What needs to be done: Reproduce, word for word, every line starting at the line that contains "Club44 Records, A" and ending with the final line of the entries.

Information provided:
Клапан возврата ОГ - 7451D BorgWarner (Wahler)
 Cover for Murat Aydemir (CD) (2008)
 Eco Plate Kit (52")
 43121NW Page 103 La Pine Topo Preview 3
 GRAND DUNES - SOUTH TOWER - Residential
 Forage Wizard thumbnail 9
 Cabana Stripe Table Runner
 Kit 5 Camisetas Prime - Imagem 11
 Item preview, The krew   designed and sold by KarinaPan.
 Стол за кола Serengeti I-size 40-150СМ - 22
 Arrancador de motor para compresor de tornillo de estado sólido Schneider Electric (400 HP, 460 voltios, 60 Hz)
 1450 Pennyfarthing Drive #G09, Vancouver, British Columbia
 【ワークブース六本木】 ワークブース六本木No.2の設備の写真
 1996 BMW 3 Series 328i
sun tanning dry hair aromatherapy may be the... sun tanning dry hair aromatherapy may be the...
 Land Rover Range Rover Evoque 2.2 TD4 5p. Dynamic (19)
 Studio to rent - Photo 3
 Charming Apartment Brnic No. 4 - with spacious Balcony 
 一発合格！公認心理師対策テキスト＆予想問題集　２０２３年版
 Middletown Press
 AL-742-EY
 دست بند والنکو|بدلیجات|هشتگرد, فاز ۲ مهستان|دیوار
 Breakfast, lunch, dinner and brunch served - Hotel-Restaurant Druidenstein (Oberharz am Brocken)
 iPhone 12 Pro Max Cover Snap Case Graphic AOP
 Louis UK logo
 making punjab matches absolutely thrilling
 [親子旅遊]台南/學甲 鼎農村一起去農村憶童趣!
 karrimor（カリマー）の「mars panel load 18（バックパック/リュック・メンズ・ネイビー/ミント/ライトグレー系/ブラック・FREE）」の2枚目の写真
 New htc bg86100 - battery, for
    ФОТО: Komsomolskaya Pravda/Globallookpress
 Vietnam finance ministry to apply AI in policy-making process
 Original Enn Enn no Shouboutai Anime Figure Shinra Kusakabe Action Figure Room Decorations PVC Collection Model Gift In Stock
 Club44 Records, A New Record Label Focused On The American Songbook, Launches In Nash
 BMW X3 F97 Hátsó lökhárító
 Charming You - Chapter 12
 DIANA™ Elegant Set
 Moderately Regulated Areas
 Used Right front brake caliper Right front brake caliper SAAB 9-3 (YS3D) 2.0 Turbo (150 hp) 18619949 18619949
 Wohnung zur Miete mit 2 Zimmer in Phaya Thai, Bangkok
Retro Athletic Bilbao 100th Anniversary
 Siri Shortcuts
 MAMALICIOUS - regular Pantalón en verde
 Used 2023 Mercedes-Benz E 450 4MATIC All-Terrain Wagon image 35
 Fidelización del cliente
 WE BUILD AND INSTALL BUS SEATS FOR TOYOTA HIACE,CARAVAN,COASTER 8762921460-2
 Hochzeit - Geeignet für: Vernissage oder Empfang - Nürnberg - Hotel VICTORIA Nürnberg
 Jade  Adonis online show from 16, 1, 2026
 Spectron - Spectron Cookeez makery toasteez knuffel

Completed exercise:
 Club44 Records, A New Record Label Focused On The American Songbook, Launches In Nash
 BMW X3 F97 Hátsó lökhárító
 Charming You - Chapter 12
 DIANA™ Elegant Set
 Moderately Regulated Areas
 Used Right front brake caliper Right front brake caliper SAAB 9-3 (YS3D) 2.0 Turbo (150 hp) 18619949 18619949
 Wohnung zur Miete mit 2 Zimmer in Phaya Thai, Bangkok
Retro Athletic Bilbao 100th Anniversary
 Siri Shortcuts
 MAMALICIOUS - regular Pantalón en verde
 Used 2023 Mercedes-Benz E 450 4MATIC All-Terrain Wagon image 35
 Fidelización del cliente
 WE BUILD AND INSTALL BUS SEATS FOR TOYOTA HIACE,CARAVAN,COASTER 8762921460-2
 Hochzeit - Geeignet für: Vernissage oder Empfang - Nürnberg - Hotel VICTORIA Nürnberg
 Jade  Adonis online show from 16, 1, 2026
 Spectron - Spectron Cookeez makery toasteez knuffel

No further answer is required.